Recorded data
++++++++
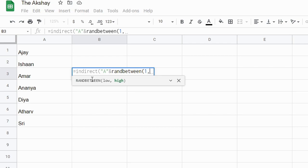So the lowest number will be one. And the highest number, how do we know how many names are there in the list? We don't know, right? It could be 10, 100, 1000, anything.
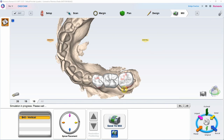This is also when the software generates your connectors — they're not generated nor editable in the design software. The software automatically does connectors, but things you do in your design will help make thicker connectors: make long, broad contacts, and slightly over-contour the gingival embrasure space. Usually takes about three to five minutes depending on your computer speed to do a quality sim on a three-unit bridge.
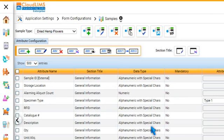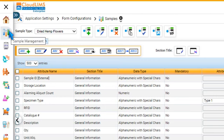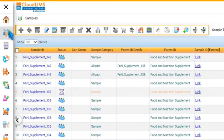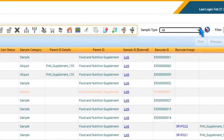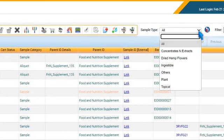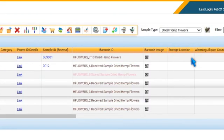Now, switch to the Sample Management module. Select any of the sample types with which you have associated the workflow template.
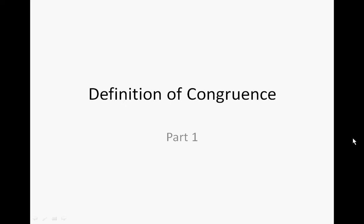Welcome to Lesson 11, our first part on Definition of Congruence. You will need your math journal and your lesson worksheet. Summarize the important points in your math journal for the discussions, and then go ahead and complete the exercises and examples in your lesson worksheet.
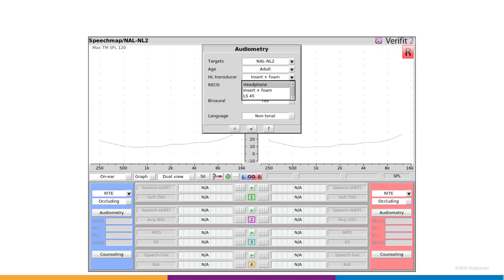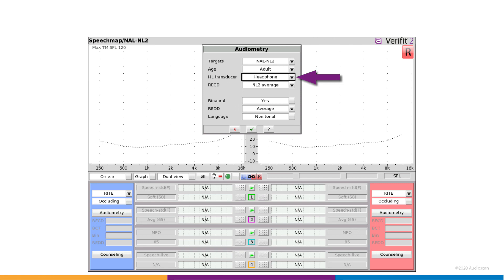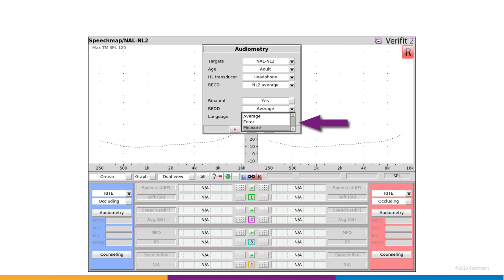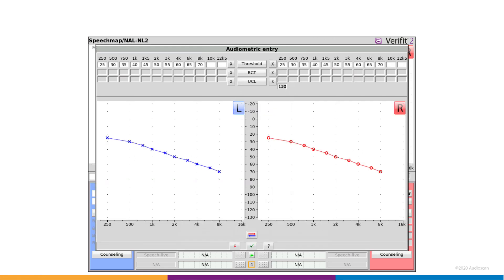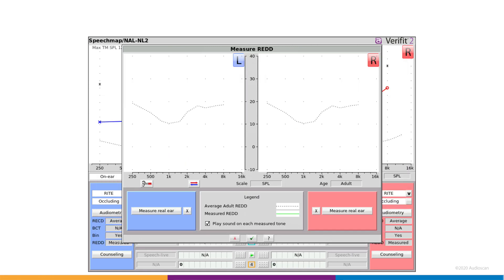In SpeechMap's audiometry entry, ensure HL transducer is set to headphones. The REDD selector allows you to select average data, enter previously measured data, or measure new values. Set the REDD selector to Measure and click Continue. After the audiogram entry screen, you're presented with an REDD measurement screen.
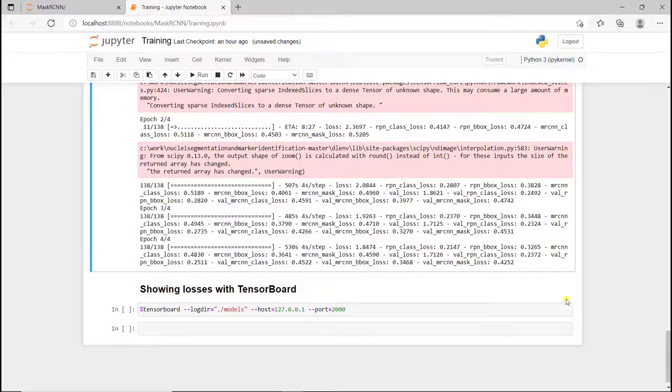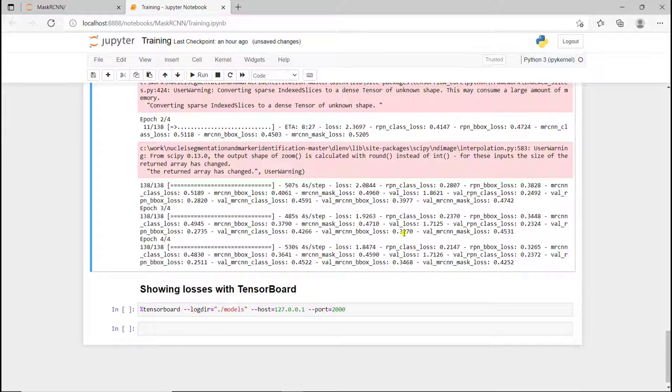Alright, training is done. As you can see, there's a bunch of different losses. The first one here is the loss for the class at the end of the region proposal network, and the bounding box loss for region proposal network.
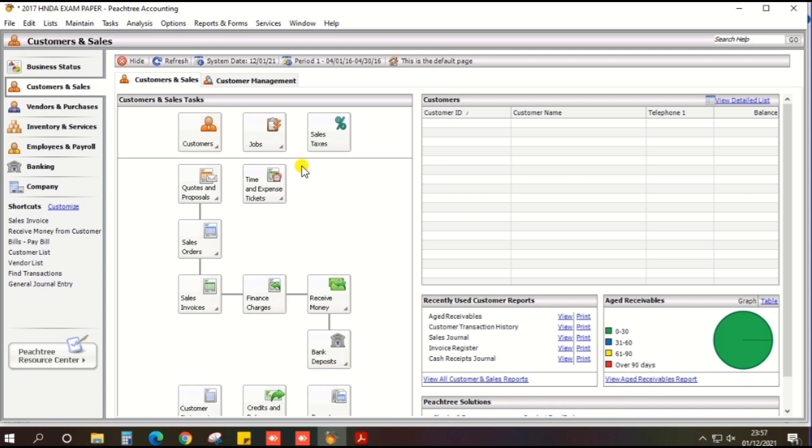Because first of all, in general ledger default setting, Rounding Accounts should be allocated as the Retained Earnings. So without creating the Chart of Account, there is no Retained Earnings ledger. That's why you first create the Chart of Account before you have done the default setting.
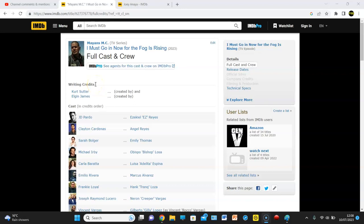Fog Entertainment, looking at some weird things that have been released about the upcoming episode of Mayans MC. It is called, of course, I Must Go In Now for The Fog Is Rising.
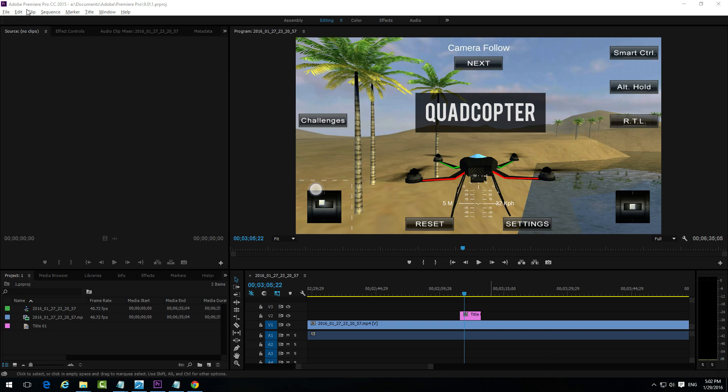Here's a tutorial in Adobe Premiere Pro CC 2015 on how to add text over the video and how to add a black shape behind that text.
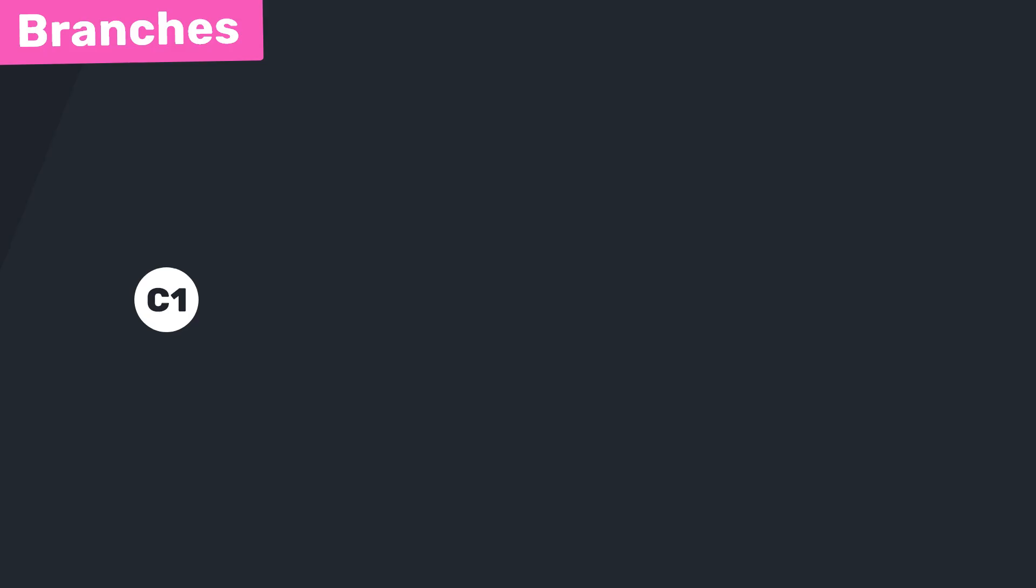Alright then gang, so far in this course we've been working with git in what you might call a fairly linear way. We make a commit, then some more changes, another commit, then another, and so forth. It's all very nice in a straight line.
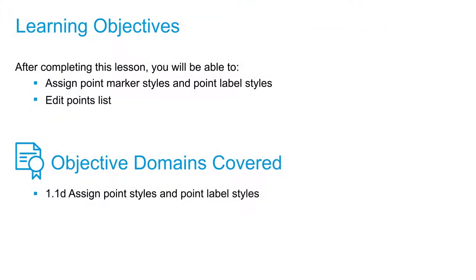In this video we're going to assign point marker styles and point label styles to points that are already inside of this drawing file. We're going to do this by editing a list of the points and forcing an assigned marker style and label style.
++++++++
EXERCISE DIRECTIONS
All of the lines above should be copied exactly, apart from the pictures.

TASK OUTPUT
So the lowest number will be one. And the highest number, how do we know how many names are there in the list? We don't know, right? It could be 10, 100, 1000, anything.
This is also when the software generates your connectors — they're not generated nor editable in the design software. The software automatically does connectors, but things you do in your design will help make thicker connectors: make long, broad contacts, and slightly over-contour the gingival embrasure space. Usually takes about three to five minutes depending on your computer speed to do a quality sim on a three-unit bridge.
Now, switch to the Sample Management module. Select any of the sample types with which you have associated the workflow template.
Welcome to Lesson 11, our first part on Definition of Congruence. You will need your math journal and your lesson worksheet. Summarize the important points in your math journal for the discussions, and then go ahead and complete the exercises and examples in your lesson worksheet.
In SpeechMap's audiometry entry, ensure HL transducer is set to headphones. The REDD selector allows you to select average data, enter previously measured data, or measure new values. Set the REDD selector to Measure and click Continue. After the audiogram entry screen, you're presented with an REDD measurement screen.
Alright, training is done. As you can see, there's a bunch of different losses. The first one here is the loss for the class at the end of the region proposal network, and the bounding box loss for region proposal network.
Because first of all, in general ledger default setting, Rounding Accounts should be allocated as the Retained Earnings. So without creating the Chart of Account, there is no Retained Earnings ledger. That's why you first create the Chart of Account before you have done the default setting.
Fog Entertainment, looking at some weird things that have been released about the upcoming episode of Mayans MC. It is called, of course, I Must Go In Now for The Fog Is Rising.
Here's a tutorial in Adobe Premiere Pro CC 2015 on how to add text over the video and how to add a black shape behind that text.
Alright then gang, so far in this course we've been working with git in what you might call a fairly linear way. We make a commit, then some more changes, another commit, then another, and so forth. It's all very nice in a straight line.
In this video we're going to assign point marker styles and point label styles to points that are already inside of this drawing file. We're going to do this by editing a list of the points and forcing an assigned marker style and label style.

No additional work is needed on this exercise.